Work task:
Return the stretch from the line with "61 Connell Ave, Brockton, MA 02302" through the line with "2016 Dodge Challenger SXT" in the data below, character for character, skipping all pictures.

Records supplied:

════════════════

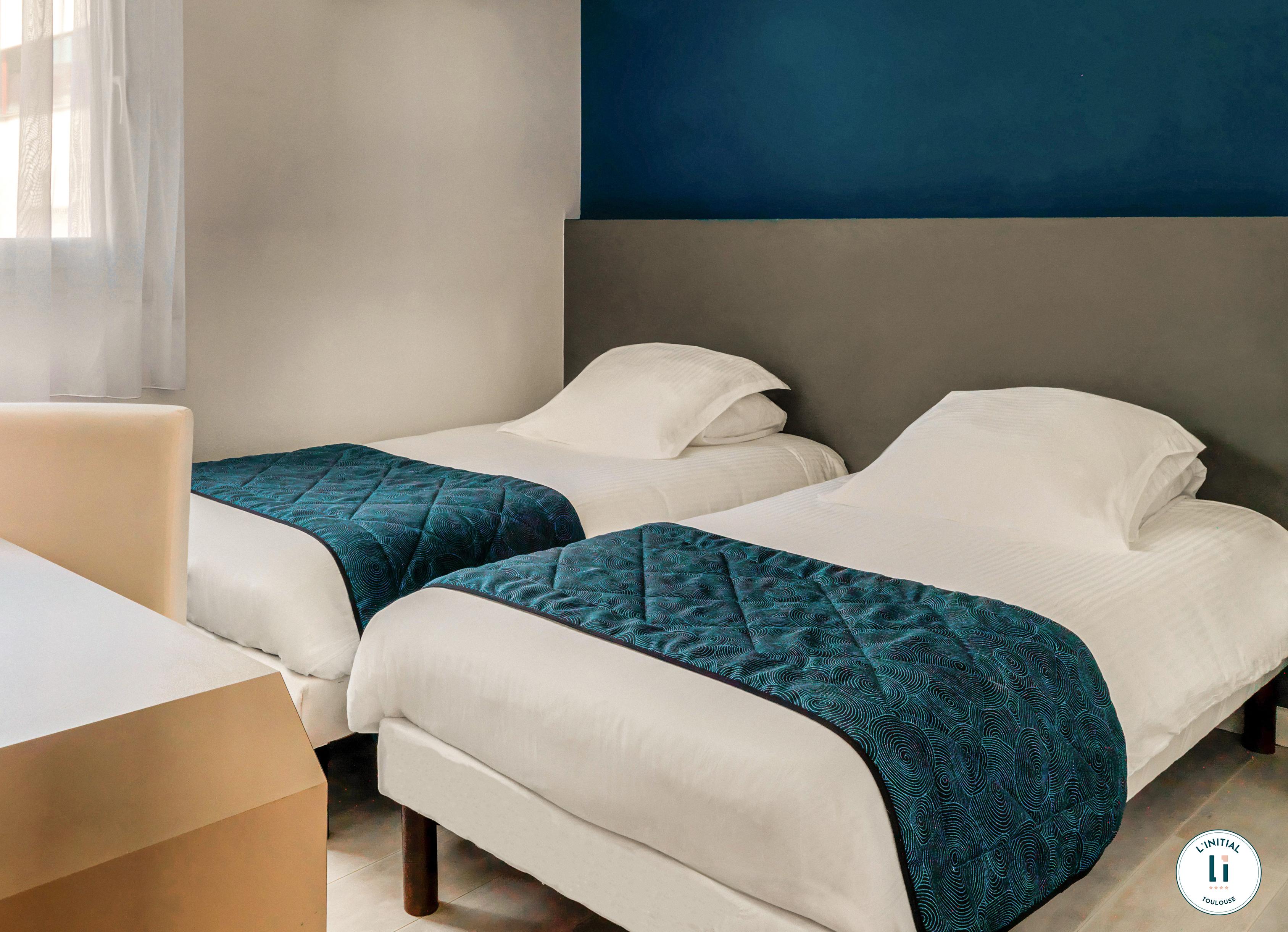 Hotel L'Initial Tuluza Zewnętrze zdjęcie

════════════════

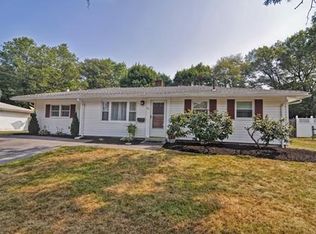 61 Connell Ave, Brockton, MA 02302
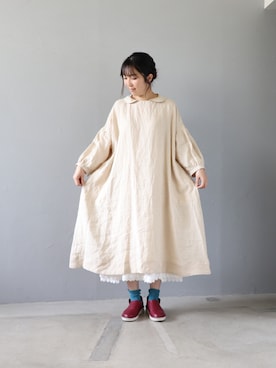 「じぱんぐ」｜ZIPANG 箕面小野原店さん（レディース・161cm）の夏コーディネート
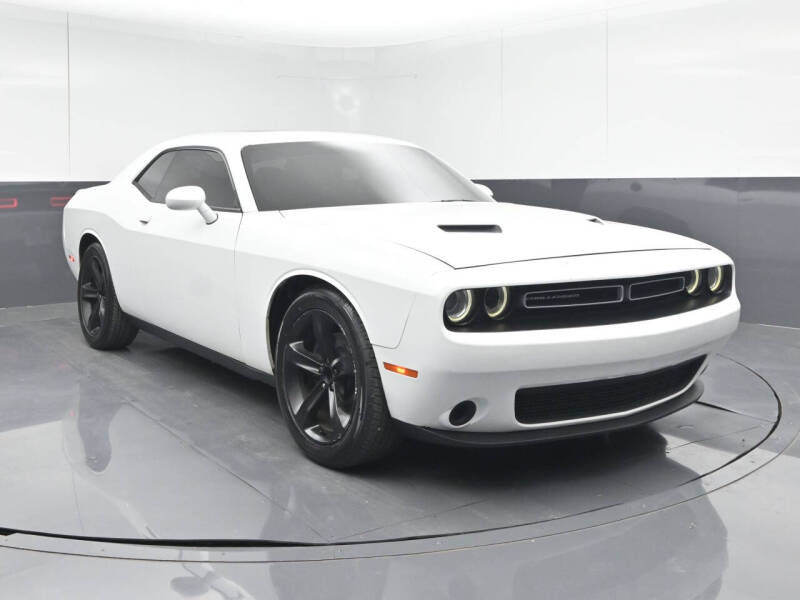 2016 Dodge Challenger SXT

════════════════

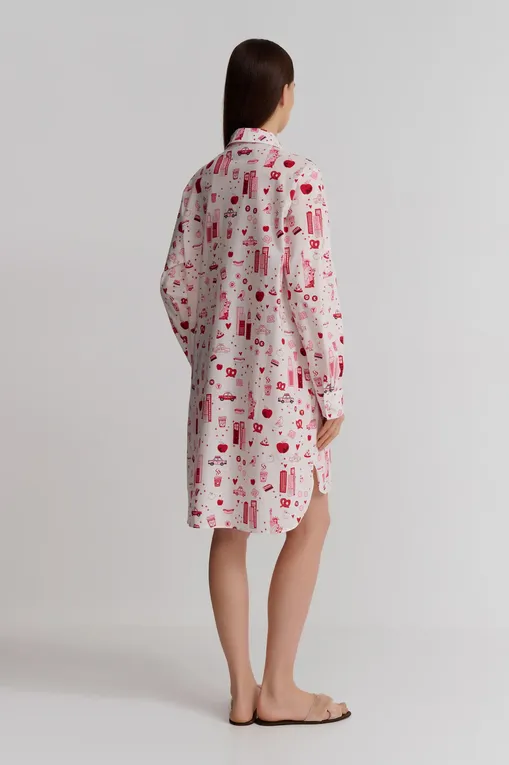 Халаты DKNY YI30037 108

════════════════

Task response:
 61 Connell Ave, Brockton, MA 02302
 「じぱんぐ」｜ZIPANG 箕面小野原店さん（レディース・161cm）の夏コーディネート
 2016 Dodge Challenger SXT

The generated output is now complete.